◆ **Stored data**
= = =

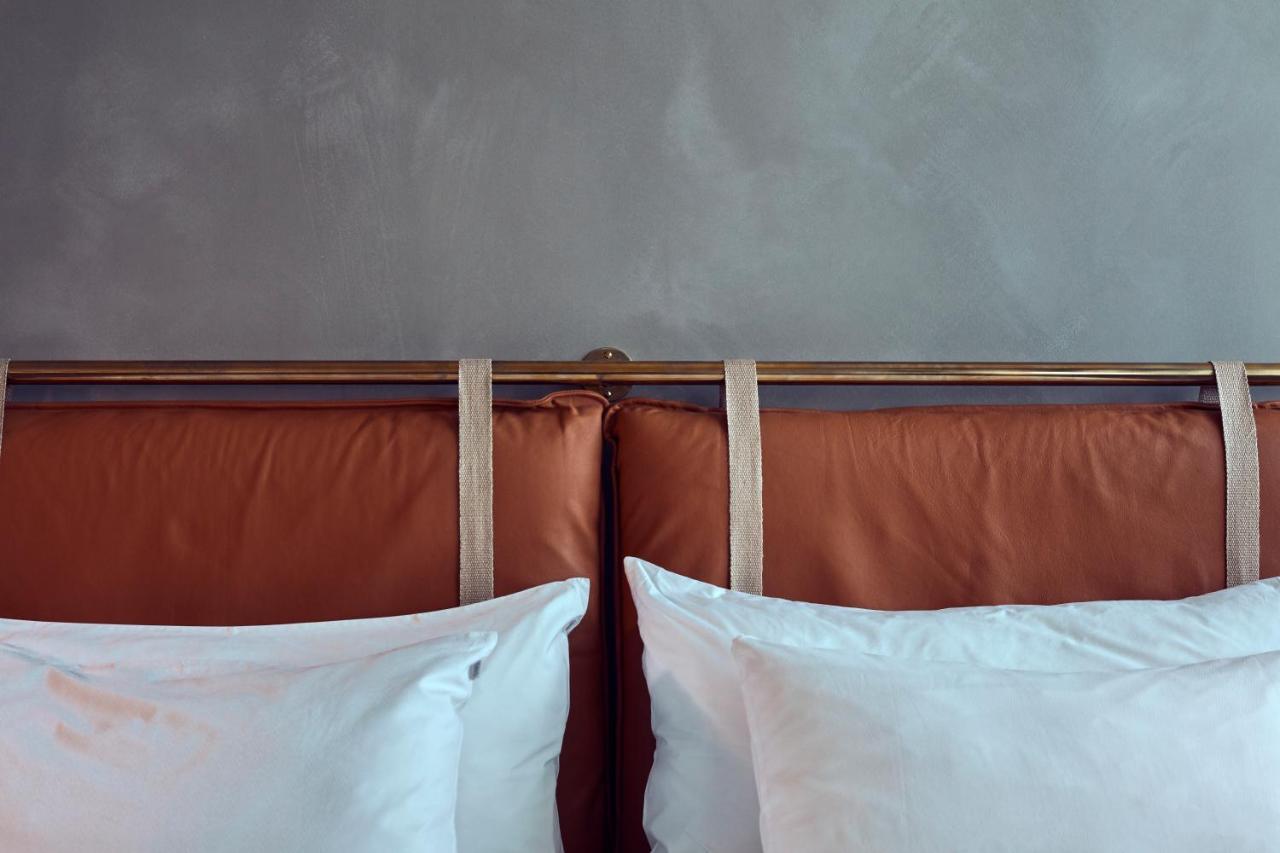 Naeaes Fabriker Hotell & Restaurang Tollered Ngoại thất bức ảnh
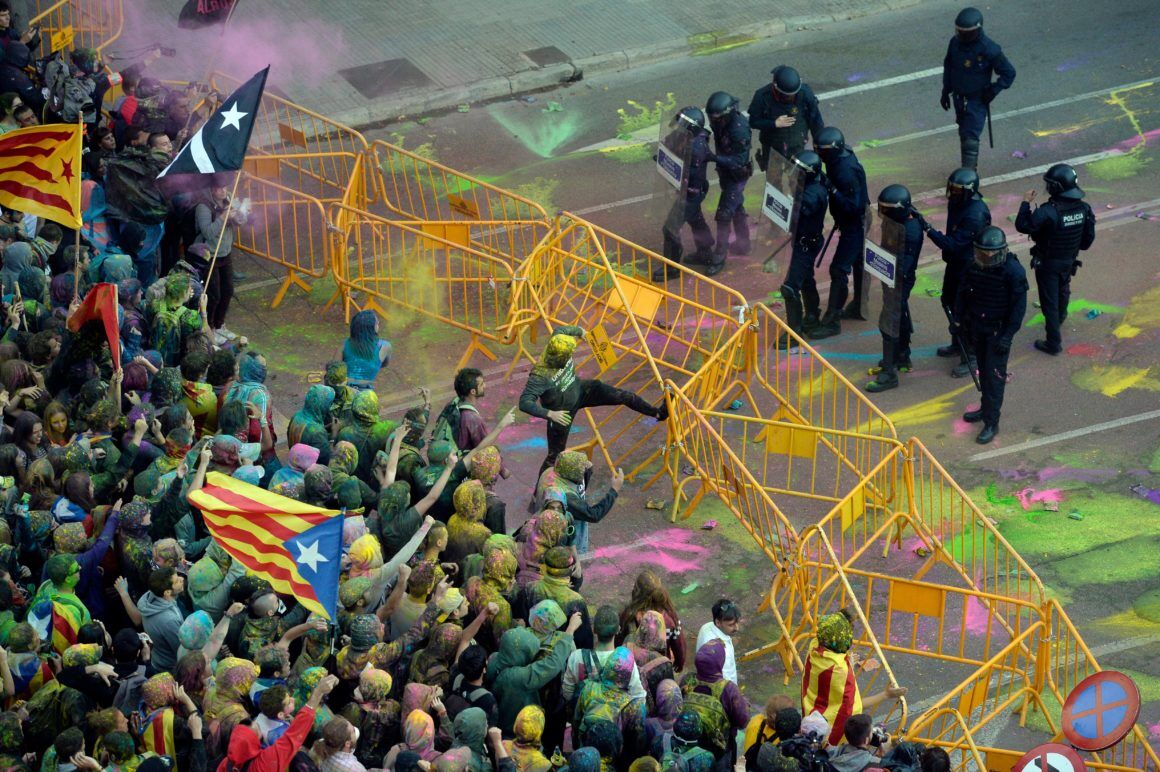 کاتالونیا بار دیگر ساز جدایی کوک کرد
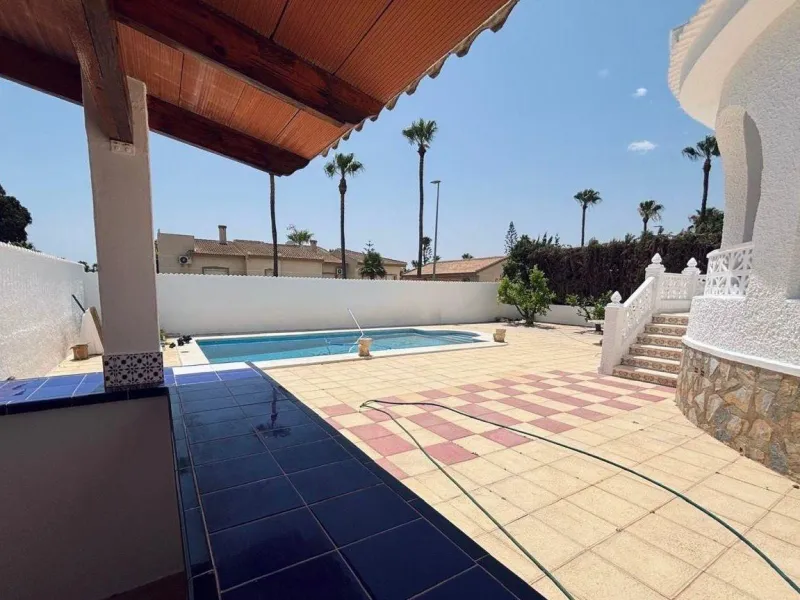 VILLA ESTILO MEDITERRANEO EN CIUDAD QUESADA CON PARCELA DE 500 M2 Y PROPIA PISCINA. 3 DORM. 2 BAÑOS. 110 M2 DE CASA.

= = =

◆ **What you need to do**
Give back the data exactly. Pictures stay out.

◆ **Output for this task**
 Naeaes Fabriker Hotell & Restaurang Tollered Ngoại thất bức ảnh
 کاتالونیا بار دیگر ساز جدایی کوک کرد
 VILLA ESTILO MEDITERRANEO EN CIUDAD QUESADA CON PARCELA DE 500 M2 Y PROPIA PISCINA. 3 DORM. 2 BAÑOS. 110 M2 DE CASA.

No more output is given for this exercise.